Thread

  1. Re: block-level incremental backup

    Adam Brusselback <adambrusselback@gmail.com> — 2019-04-23T19:12:27Z

    I hope it's alright to throw in my $0.02 as a user. I've been following
    this (and the other thread on reading WAL to find modified blocks,
    prefaulting, whatever else) since the start with great excitement and would
    love to see the built-in backup capabilities in Postgres greatly improved.
    I know this is not completely on-topic for just incremental backups, so I
    apologize in advance. It just seemed like the most apt place to chime in.
    
    
    Just to preface where I am coming from, I have been using pgBackRest for
    the past couple years and used wal-e prior to that.  I am not a big *nix
    user other than all my servers, do all my development on Windows / use
    primarily Java. The command line is not where I feel most comfortable
    despite my best efforts over the last 5-6 years. Prior to Postgres, I used
    SQL Server for quite a few years at previous companies but was more a
    junior / intermediate skill set back then. I just wanted to put that out
    there so you can see where my bias's are.
    
    
    
    
    With all that said, I would not be comfortable using pg_basebackup as my
    main backup tool simply because I’d have to cobble together numerous tools
    to get backups stored in a safe (not on the same server) location, I’d have
    to manage expiring backups and the WAL which is no longer needed, along
    with the rest of the stuff that makes these backup management tools useful.
    
    
    The command line scares me, and even if I was able to get all that working,
    I would not feel warm and fuzzy I didn’t mess something up horribly and I
    may hit an edge case which destroys backups, silently corrupts data, etc.
    
    I love that there are tools that manage all of it; backups, wal archiving,
    remote storage, integrate with cloud storage (S3 and the like), manages the
    retention of these backups with all their dependencies for me, and has all
    the restore options necessary built in as well.
    
    
    Block level incremental backup would be amazing for my use case. I have
    small updates / deletes that happen to data all over some of my largest
    tables.
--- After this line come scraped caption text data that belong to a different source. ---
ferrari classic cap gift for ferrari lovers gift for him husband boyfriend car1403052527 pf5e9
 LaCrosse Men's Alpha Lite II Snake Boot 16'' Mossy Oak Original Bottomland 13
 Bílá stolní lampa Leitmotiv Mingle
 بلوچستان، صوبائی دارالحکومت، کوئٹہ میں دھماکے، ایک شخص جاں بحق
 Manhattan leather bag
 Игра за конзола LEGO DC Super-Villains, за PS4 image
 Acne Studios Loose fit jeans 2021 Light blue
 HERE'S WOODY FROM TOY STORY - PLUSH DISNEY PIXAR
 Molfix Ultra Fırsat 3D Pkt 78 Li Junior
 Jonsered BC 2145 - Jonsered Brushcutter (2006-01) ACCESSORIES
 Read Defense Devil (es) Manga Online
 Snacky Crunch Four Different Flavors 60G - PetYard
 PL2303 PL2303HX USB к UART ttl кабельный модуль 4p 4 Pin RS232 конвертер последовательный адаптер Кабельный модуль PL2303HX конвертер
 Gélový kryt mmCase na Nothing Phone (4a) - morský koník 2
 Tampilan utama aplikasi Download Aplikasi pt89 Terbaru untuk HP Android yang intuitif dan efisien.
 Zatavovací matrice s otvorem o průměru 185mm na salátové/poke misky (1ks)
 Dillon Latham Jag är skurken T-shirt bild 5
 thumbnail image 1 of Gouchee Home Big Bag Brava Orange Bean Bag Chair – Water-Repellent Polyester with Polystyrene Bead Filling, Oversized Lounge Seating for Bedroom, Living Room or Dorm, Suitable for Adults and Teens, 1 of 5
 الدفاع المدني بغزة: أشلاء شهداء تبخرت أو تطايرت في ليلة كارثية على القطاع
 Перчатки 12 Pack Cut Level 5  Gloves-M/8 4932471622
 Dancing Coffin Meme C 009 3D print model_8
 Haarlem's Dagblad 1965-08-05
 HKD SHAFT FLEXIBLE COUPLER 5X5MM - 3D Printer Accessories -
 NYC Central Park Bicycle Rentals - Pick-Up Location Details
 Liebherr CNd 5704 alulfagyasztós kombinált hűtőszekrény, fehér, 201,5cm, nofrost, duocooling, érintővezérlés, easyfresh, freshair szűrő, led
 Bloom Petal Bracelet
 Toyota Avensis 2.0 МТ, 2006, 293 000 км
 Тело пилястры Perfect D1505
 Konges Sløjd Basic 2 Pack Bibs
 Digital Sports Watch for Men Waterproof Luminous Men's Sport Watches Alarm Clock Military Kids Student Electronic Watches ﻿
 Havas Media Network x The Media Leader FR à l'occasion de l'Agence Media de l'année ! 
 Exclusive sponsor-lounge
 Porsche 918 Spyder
With pgBackRest, since the diff/incremental backups are at the file
    level, I can have a single update / delete which touched a random spot in a
    table and now requires that whole 1gb file to be backed up again. That
    said, even if pg_basebackup was the only tool that did incremental block
    level backup tomorrow, I still wouldn’t start using it directly. I went
    into the issues I’d have to deal with if I used pg_basebackup above, and
    incremental backups without a management tool make me think using it
    correctly would be much harder.
    
    
    I know this thread is just about incremental backup, and that pretty much
    everything in core is built up from small features into larger more complex
    ones. I understand that and am not trying to dump on any efforts, I am
    super excited to see work being done in this area! I just wanted to share
    my perspective on how crucial good backup management is to me (and I’m sure
    a few others may share my sentiment considering how popular all the
    external tools are).
    
    I would never put a system in production unless I have some backup
    management in place. If core builds a backup management tool which uses
    pg_basebackup as building blocks for its solution…awesome! That may be
    something I’d use.  If pg_basebackup can be improved so it can be used as
    the basis most external backup management tools can build on top of, that’s
    also great. All the external tools which practically every Postgres company
    have built show that it’s obviously a need for a lot of users. Core will
    never solve every single problem for all users, I know that. It would just
    be great to see some of the fundamental features of backup management baked
    into core in an extensible way.
    
    With that, there could be a recommended way to set up backups
    (full/incremental, parallel, compressed), point in time recovery, backup
    retention, and perform restores (to a point in time, on a replica server,
    etc) with just the tooling within core with a nice and simple user
    interface, and great performance.
    
    If those features core supports in the internal tooling are built in an
    extensible way (as has been discussed), there could be much less
    duplication of work implementing the same base features over and over for
    each external tool. Those companies can focus on more value-added features
    to their own products that core would never support, or on improving the
    tooling/performance/features core provides.
    
    
    Well, this is way longer and a lot less coherent than I was hoping, so I
    apologize for that. Hopefully my stream of thoughts made a little bit of
    sense to someone.
    
    
    -Adam